Mean AF hs-CRP levels were approximately 10 times higher among the women undergoing emergency CS (1,333 ng/ml) compared with women who had an elective CS (134 ng/ml; p = 0.009) (Table 3).
hs-CRP levels were higher in the serum collected in Day 0 in women who underwent emergency CS than in women who had planned CS (p < 0.001) However, at day three (Day 3 serum) the levels of hs-CRP did not vary significantly between the elective (mean 97,805 ng/ml) and emergency group (mean 75,892 ng/ml) (p = 0.959) (Table 3).
Correlation between clinical and demographic characteristics and hs-CRP levels in women who underwent emergency or elective CS
Among women with bacterial growth in the AF samples, levels of hs-CRP were higher in the AF (p = 0.041) and Day 0 serum (p = 0.020) but not in Day 3 serum (p = 0.070) in women who underwent emergency CS compared to women who had an elective CS.

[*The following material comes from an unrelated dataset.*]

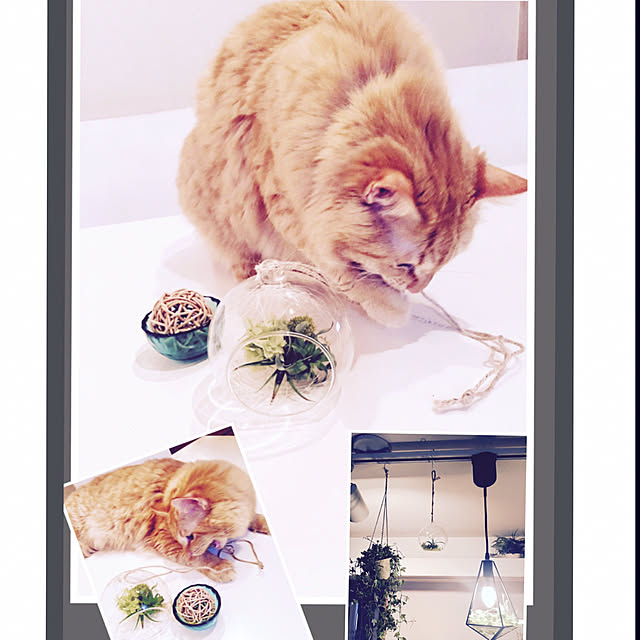 Ryokoさんの実例写真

Among women who developed postpartum infection, hs-CRP was higher in Day 3 serum in women who underwent elective CS than in women with emergency CS (p = 0.021), whereas there was no difference in hs-CRP levels in Day 0 serum or AF.

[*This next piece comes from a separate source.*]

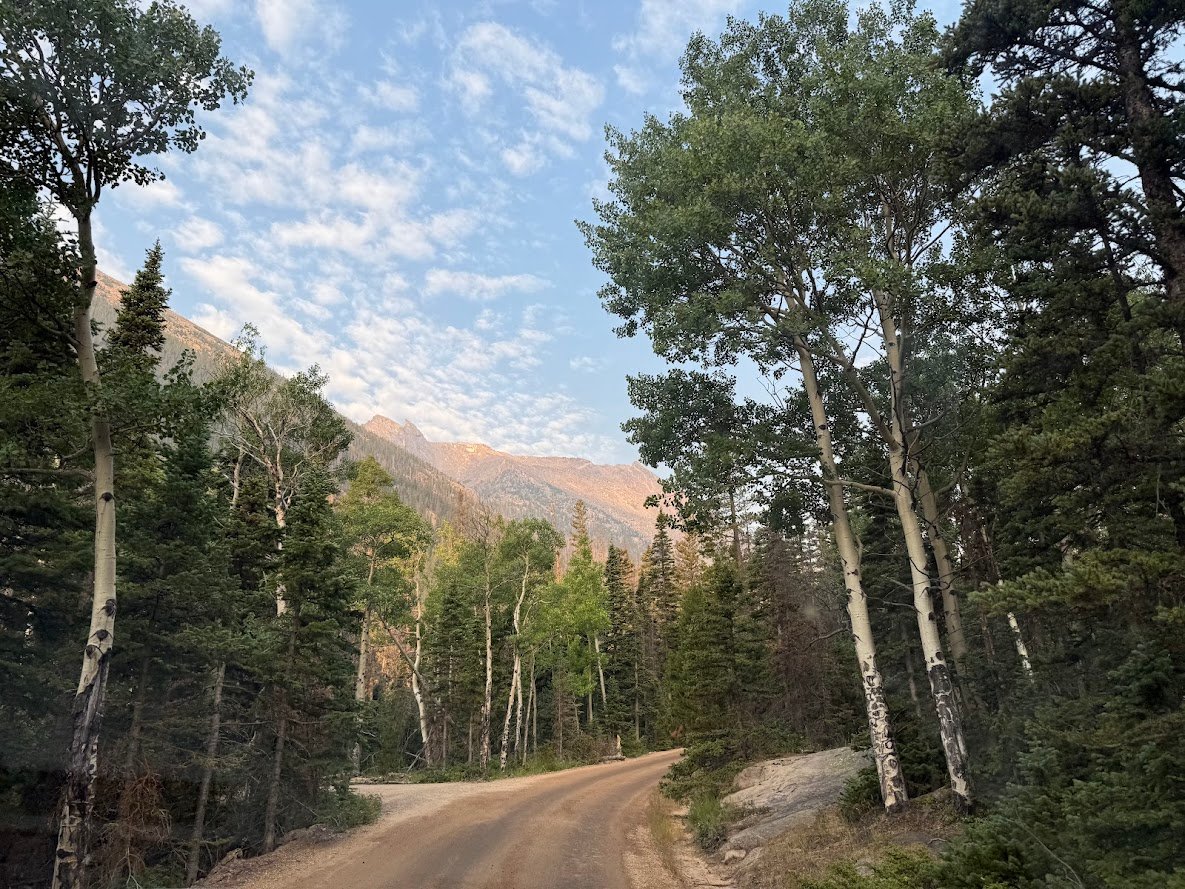 Driving Into the Wild: A Sensory Journey Along Old Fall River Road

There was a significant difference in hs-CRP levels in AF and Day 3 serum samples of women with a BMI > 25 kg/m2, hs-CRP being higher in AF and lower in Day 0 serum of women with increased BMI (overweight and obese) who underwent emergency CS (p = 0.007 and p = 0.003, respectively) compared to women who had an elective CS. Women who smoked during pregnancy from the elective CS group had significantly higher Day 0 serum hs-CRP levels than women from emergency CS group (p = 0.038). There was no difference in the hs-CRP levels in the serum or AF of smokers who underwent emergency CS or in Day 3 serum and AF of smokers who had an elective CS.

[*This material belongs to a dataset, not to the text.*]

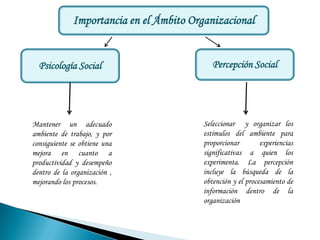 Importancia en el Ámbito Organizacional


  Psicología Social                         Percepción Social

In the emergency CS group, the levels of hs-CRP were higher in Day 0 serum in women who had at least one vaginal examination in labour (p < 0.001) as compared to women who had no examination, and Day 3 serum in women who had pyrexia in labour (p = 0.003) as compared to women who had normal body temperature. No other clinical and demographic risk factors (parity, number of miscarriages, preexistent medical conditions, nationality, antibiotics administered in labour, fetal blood sampling, or membrane rupture) in the emergency CS group had a significant influence on serum or AF hs-CRP levels.
Parity influenced the levels of hs-CRP in elective CS group. In this group, multiparous women had higher levels of hs-CRP in Day 3 serum than nulliparous women (p < 0.001).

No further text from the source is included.